#### TASK REQUIREMENTS
Give back, word for word, the line that contains "My Sicily lock-charm leather tote bag" and all lines after it in the material, through the last; please include only these.
==== DATASET SECTION ====
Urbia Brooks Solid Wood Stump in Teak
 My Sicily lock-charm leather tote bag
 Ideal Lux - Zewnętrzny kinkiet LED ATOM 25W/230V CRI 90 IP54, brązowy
====
#### WORKED SOLUTION
 My Sicily lock-charm leather tote bag
 Ideal Lux - Zewnętrzny kinkiet LED ATOM 25W/230V CRI 90 IP54, brązowy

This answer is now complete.